The printed result should hold only the lines from the opening of the data through the line bearing "Koyu Antrasit Kaşe", exactly as given and without pictures.

**** Provided entries ****

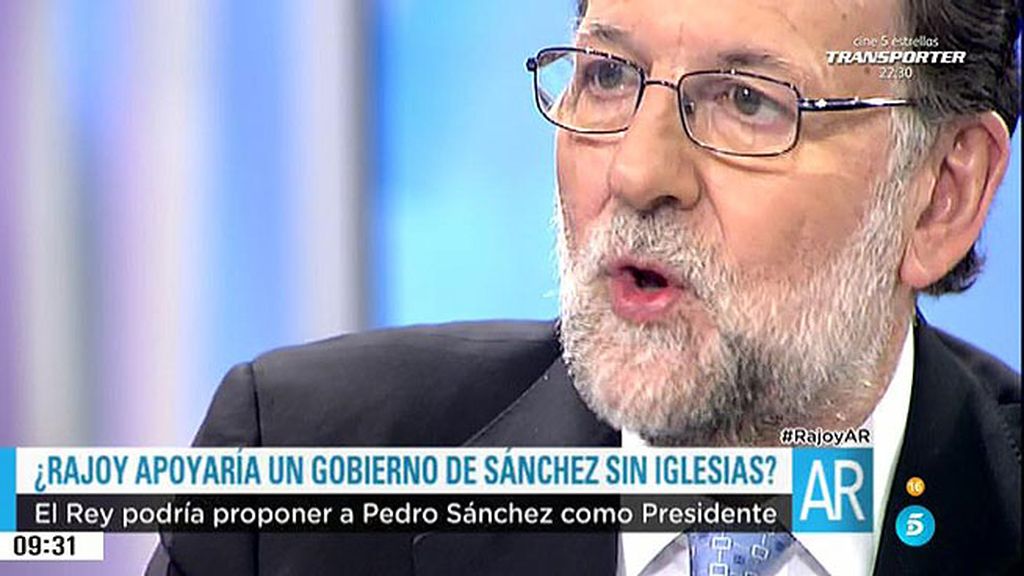 Rajoy, sobre Sánchez: "Respeto que no me quiera ver, pero por hablar no se pierde nada"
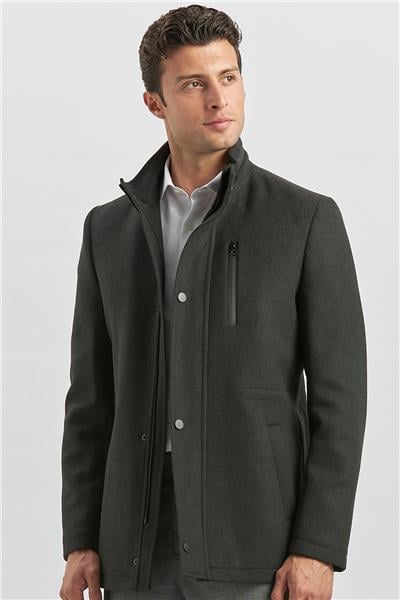 Koyu Antrasit Kaşe Dik Yaka Kapitoneli Astar Slim Fit Dar Kesim Klasik Kaban 1008245150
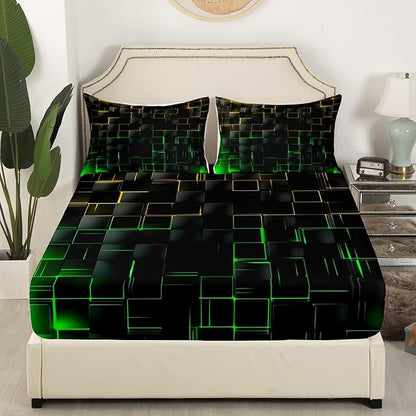 Manfei Yellow and Green Sheet Set Full Size, Abstract Geometric Grid Bed Sheet Set 4pcs with Deep Pocket Fitted Sheet + Flat Sheet + 2 Pillowcases, Black Square Lattice Bedding Set for Kids Boys Teen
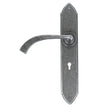 From The Anvil Door Furniture Pewter Patina / Std. Lock Handles From The Anvil - Pewter Gothic Curved Sprung Lever Lock Set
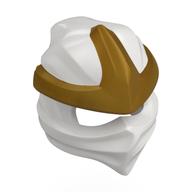 Wrap with Forehead Ridge with Gold 3 Point Emblem, Bow in Back Pattern (White)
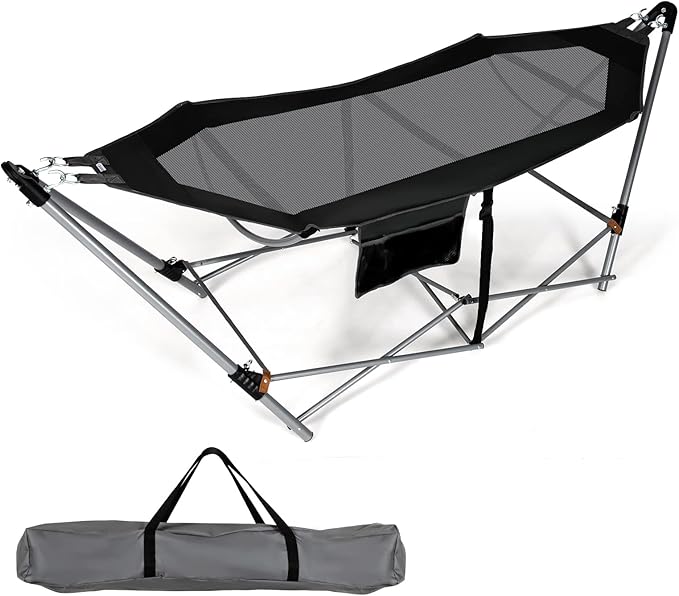 Portable Folding Hammock w/Side Pocket Lounge Camping Bed w/Metal Stand &amp Anti-tip Buckles Outdoor Camping Hammock with Carrying Bag for Patio Garden Yard Easy Assembly (Black)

****

--- Written answer ---
 Rajoy, sobre Sánchez: "Respeto que no me quiera ver, pero por hablar no se pierde nada"
 Koyu Antrasit Kaşe Dik Yaka Kapitoneli Astar Slim Fit Dar Kesim Klasik Kaban 1008245150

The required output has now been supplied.